The election result seems to have come as somewhat of a surprise to the established players and clearly also the markets. Stocks in Milan fell 4.9% dragging the rest of Europe with it and putting the whole Euro project in jeopardy. There is some hope that the previous antipathy between the established players may be put aside for some sort of “grand coalition” but the comedian turned politician Beppe Grillo who has driven a wedge through the establishment says he won’t be part of it.
We can all wring our hands and worry about what is going to happen but I thought a quote I saw on Reuters this morning summed up the outlook in the months ahead without too much hyperbole,
At the very least, a prolonged period of uncertainty faces the Italian economy, affecting investor sentiment. In coming months, fiscal slippage and obstacles to structural and labor market reforms would not at all be well received by global investors,” said Andrew Milligan, head of global strategy at Standard Life Investments
Uncertainty is never good for markets. Well that’s not exactly true is it. It is bad for some markets and good for others. Take last night’s price action as an example. The US dollar gained ground against all comers and gold rallied very sharply. Of course this is the normal thing in times like these when uncertainty rises materially but it serves as a lesson to traders that there is always a market somewhere that offers opportunities.

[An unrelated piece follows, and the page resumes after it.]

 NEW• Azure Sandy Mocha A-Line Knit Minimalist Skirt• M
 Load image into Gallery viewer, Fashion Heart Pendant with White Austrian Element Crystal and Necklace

Indeed the USDJPY moves yesterday were both volatile but also predictable.
You can see in the hourly chart above the swift move once the 91.90 level gave way yesterday morning. USDJPY traded down below 91 before bouncing sharply. A sell stop on a break of 91.90 would have rewarded handsomely for the nimble trader and even though the recovery has been fairly good the outlook for USDJPY has turned for the moment.
Of course when you look at the USD’s strength against other currencies, gold’s rally and the Yen’s move we see the classic style of safe haven play in uncertainty. What we haven’t seem – as you will note – is a rally in the Aussie dollar. Sure some will say that RBA Assistant Governor Guy Debelle’s comments in a speech yesterday that the Aussie dollar was
“somewhat on the high side” and “There’s no limit on our ability to supply Australian dollars,…We have more Australian dollars than anyone else in the world because we print them,”
thus implying that the RBA could intervene if they wanted is the reason the Aussie is lower and that may be so. But at the risk of banging on a drum the Aussie did not rally in increased uncertainty.
It is not a safe haven – a safe harbour at best and as you can see in the chart below traded under 1.02 last night.
The Aussie seems biased toward 1.01 at the moment.
Turning to other news overnight Fed Chairman Bernanke gave solid support to the easing policy and bond buying strategy that the FOMC is conducting. Last week there were thoughts, which we shared, that perhaps the Fed recognises the risks it is running in the unconventional policy and the impact it is having on markets particularly stocks. However overnight in his Testimony Bernanke said,
To this point, we do not see the potential costs of the increased risk-taking in some financial markets as outweighing the benefits of promoting a stronger economic recovery and more rapid job creation,
No mucking around there he is clear – jobs are still the focus and the Fed goosing stocks is seen as less troublesome than having less people in the work force. Of course at a humanist level we could not agree more, we want to see as many people in jobs around the world as can be found but while Bernanke’s comments show the Fed will stay the course there is no denying that its program is a potential cause of instability down the road – its just he sees the risk as small compared to getting people back to work.
These comments together with a solid year on year rise of 6.8% for the Case Shiller House price index and the big bounce in the Richmond Fed index from -12 to +6 helped stocks in the US shake off the European weakness. At 7.22 with 38 minutes to go the Dow is up 103 points or 0.75%, the Nasdaq is up 0.28% and the S&P has rallied back to 1495 for a rise of 0.48%
Earlier in the night as noted above Europe was under the pump. Adding to Italy’s near 5% loss, Spainish shares fell 3.20%, the CAC dropped 2.67% the DAX fell 2.27% and the FTSE was 1.34%.
To recap FX markets after all the ructions and big moves this time yesterday the Majors are largely unchanged day on day. In commodity markets Crude is down 0.63% but copper, wheat, corn, silver and gold were all higher. Looking directly at gold we said last week that it could rally as much as $50 from the pessimistic crescendo that we saw and it is now up more than $60 from the low sitting at $1609 up 1.83% on the day. On the charts however Gold’s rally does not look over so further strength is probably in the offing.
Kiwi Trade data, Japanese retail trade and Australian construction work are on the agenda this morning before business confidence data in Europe and durable goods in the US tonight.